By Shannon Liston, Techstars Corporate Council
Just to be clear: This sheet is for informational purposes only and does not constitute legal advice or create an attorney-client relationship. Companies should consult their own attorneys for legal advice on these issues. Because of the generality of the issues discussed in this piece, the information provided may not apply in all situations and should not be acted upon without specific legal advice based on particular situations.
Sometimes, startups fail.
It’s painful and brutal—and nothing to be ashamed of. It’s part of many, many entrepreneurial journeys. But along with the emotional ups and downs, you’ve got to deal with the practical legal side of shutting down your startup.
The legal name for one version of this is corporate dissolution. If you don’t need the protections of bankruptcy (you’ve got low risk of litigation or disputes over claims), corporate dissolution may be right for your startup.
The Techstars legal team has created this best practices sheet to give you guidance and practical tips if your company is facing dissolution. Unsurprisingly, these will be different depending on which state you’re incorporated in—this sheet focuses on Delaware, because of the large number of US corporations incorporated there.
Long-Form v. Short-Form Dissolution
Many smaller companies liquidate without the protections of federal bankruptcy law, as corporate bankruptcy can be very expensive. Instead, you can get some of the same protections through Delaware’s long-form dissolution process—it gives boards of directors similar protections, and provides company creditors with notice, plus an opportunity to present their claims.
Work with your legal counsel to make sure you meet all the formalities of the long-form process, like 60-days notice to all known claimants, including public notice, and a court approval process ( 8 Del. C. 1953, § 280).
The formalities of the long-form process may be overkill for your company, especially if you’ve already sold your operating assets, if you stopped operations a while ago, or if you’re unlikely to have unknown creditors.
In this case, short-form dissolution may be right for you: it’s simpler and less expensive for many companies, and comes with fewer formalities than the long-form process (8 Del. C. 1953, § 275).
7 Steps to Dissolve a Business
- Obtain Board and Shareholder Approvals. Your company’s Board of Directors must approve the decision to dissolve and adopt a Plan of Liquidation. A majority of the company’s shareholders must also approve the decision and the Plan of Liquidation.

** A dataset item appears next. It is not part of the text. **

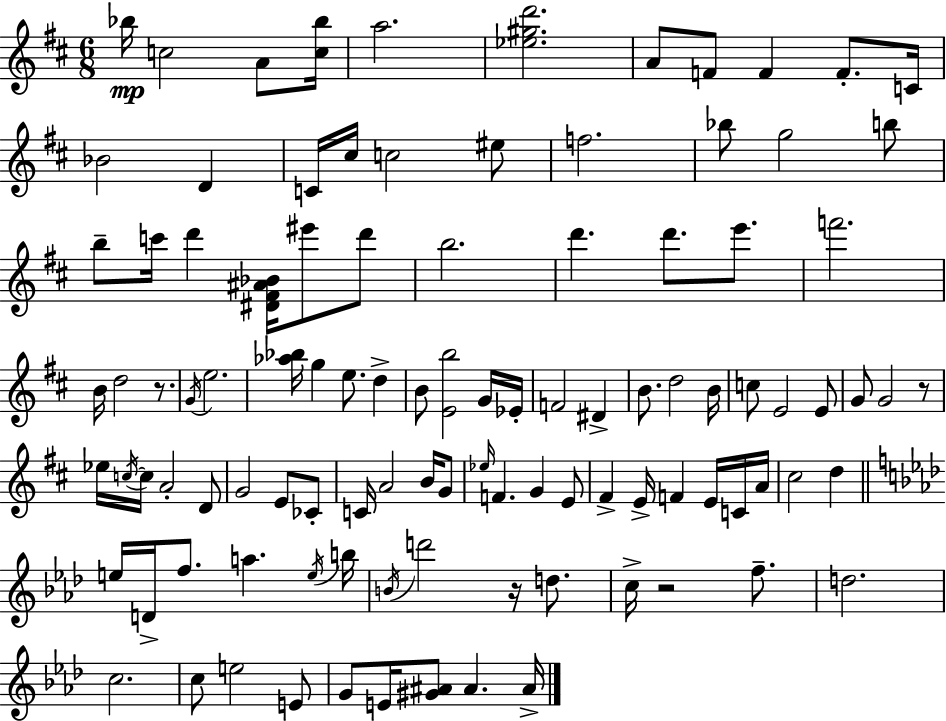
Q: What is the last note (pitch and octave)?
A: A#4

- Pay Franchise Taxes and File an Annual Report. You must pay Delaware franchise taxes in full (including the current calendar year franchise tax) and file all applicable Annual Franchise Tax Reports. The Delaware Division of Corporations will not accept the Certificate of Dissolution (see below) until this step is done.

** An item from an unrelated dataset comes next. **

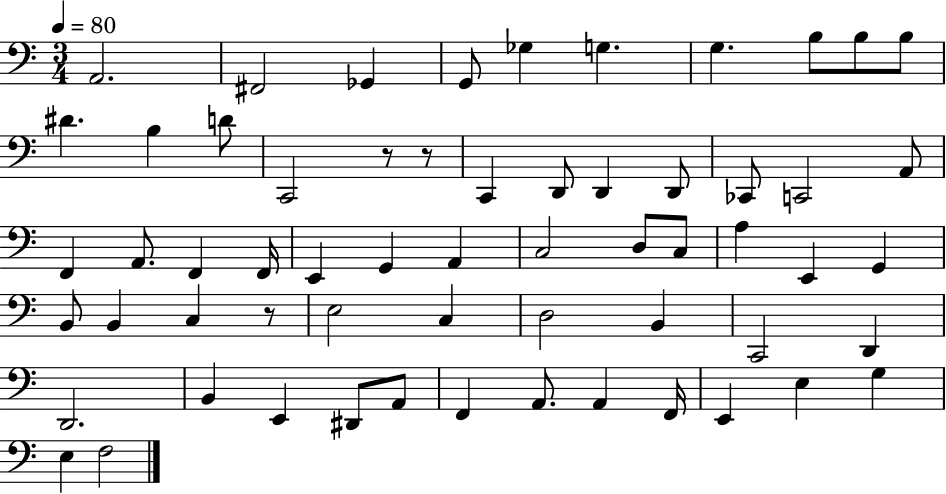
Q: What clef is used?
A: bass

- Notify the IRS. Within 30 days of the Board approving the dissolution (the dissolution resolution date), your company must file a notice of dissolution with the Internal Revenue Service: Form 966.
- If the dissolution involves the sale or exchange of corporate assets, Forms 8594 and 4797 might also be necessary.

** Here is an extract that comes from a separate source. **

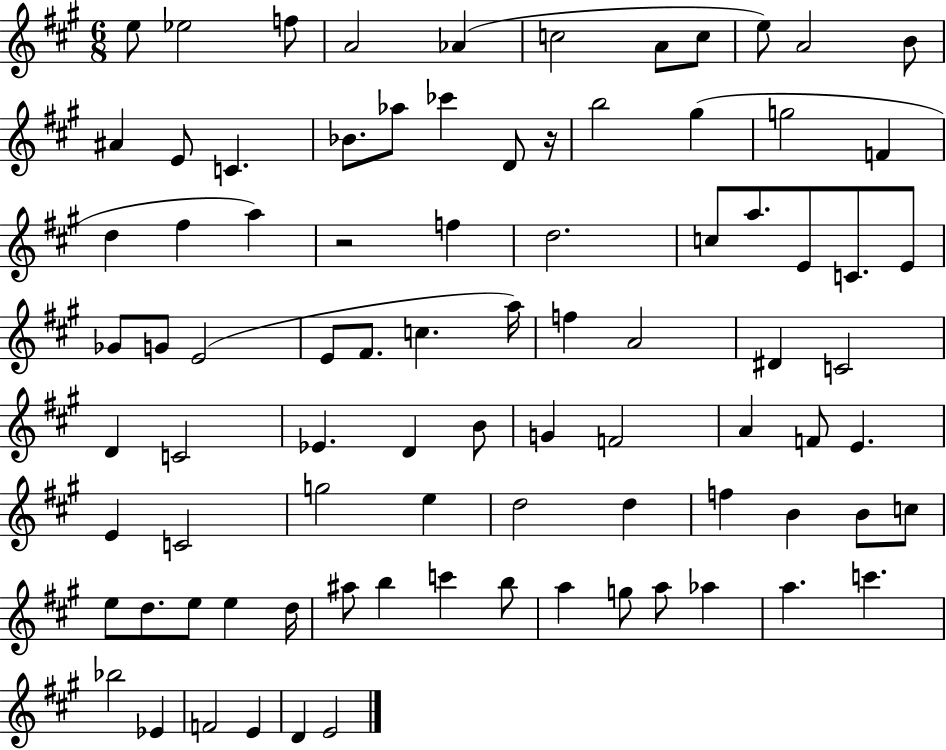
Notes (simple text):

E5/e Eb5/h F5/e A4/h Ab4/q C5/h A4/e C5/e E5/e A4/h B4/e A#4/q E4/e C4/q. Bb4/e. Ab5/e CES6/q D4/e R/s B5/h G#5/q G5/h F4/q D5/q F#5/q A5/q R/h F5/q D5/h. C5/e A5/e. E4/e C4/e. E4/e Gb4/e G4/e E4/h E4/e F#4/e. C5/q. A5/s F5/q A4/h D#4/q C4/h D4/q C4/h Eb4/q. D4/q B4/e G4/q F4/h A4/q F4/e E4/q. E4/q C4/h G5/h E5/q D5/h D5/q F5/q B4/q B4/e C5/e E5/e D5/e. E5/e E5/q D5/s A#5/e B5/q C6/q B5/e A5/q G5/e A5/e Ab5/q A5/q. C6/q. Bb5/h Eb4/q F4/h E4/q D4/q E4/h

- See the IRS checklist for other required filings.
- File for Dissolution with the State. Once the decision to dissolve is properly approved, the company must file a Certificate of Dissolution with the Delaware Division of Corporations.
- If your company has stopped doing business and doesn’t have any remaining assets, it might qualify to file the short form certificate of dissolution.
- If the company is registered to do business in another state, it will have to withdraw or surrender those qualifications.
- Provide Appropriate Notice to Creditors and Stakeholders. Follow state law requirements to give notice of the dissolution to anyone with a claim against the company. Delaware’s long-form dissolution notice requirements are here: 8 Del. C. 1953, § 280.
- “Winding Up”. After the dissolution is effective, the dissolved company is deemed to continue, generally for three years, for the limited purposes of winding up per the Plan of Liquidation. This means:
- Settling and closing the business;
- Liquidating remaining corporate assets;
- Settling claims;
- Resolving any lawsuits;
- Making final distributions to creditors, and if funds remain, to applicable shareholders.
- File Final Federal and State Tax Returns. Review the IRS checklist for closing a business and filing final returns. For the company’s final returns, check the box to indicate the tax return is a final return.
Do’s and Don’ts
Do: Act in accordance with your fiduciary duties.
It’s your responsibility to focus on maximizing the company’s value. For more on your obligations as a Director, see here.
Don’t: Disappear; act in a manner that presents a conflicting interest; arbitrarily pay back one creditor over another; etc.
Do: Send the filed Certificate of Dissolution to investors, describing your decision to dissolve and your efforts to maximize return to shareholders.
Don’t: Use dissolution as an escape hatch.
Dissolution alone does not abate actions, suits, or proceedings begun by or against your corporation prior to dissolution—or, generally speaking, for a period of three years after dissolution.
Do: Educate yourself on the several ways to wind down a company.
Talk with your lawyer about which way to wind down your company is the best choice for your situation—the complexity of your company (number of employees, investors, creditors, etc.) will have a big impact on this.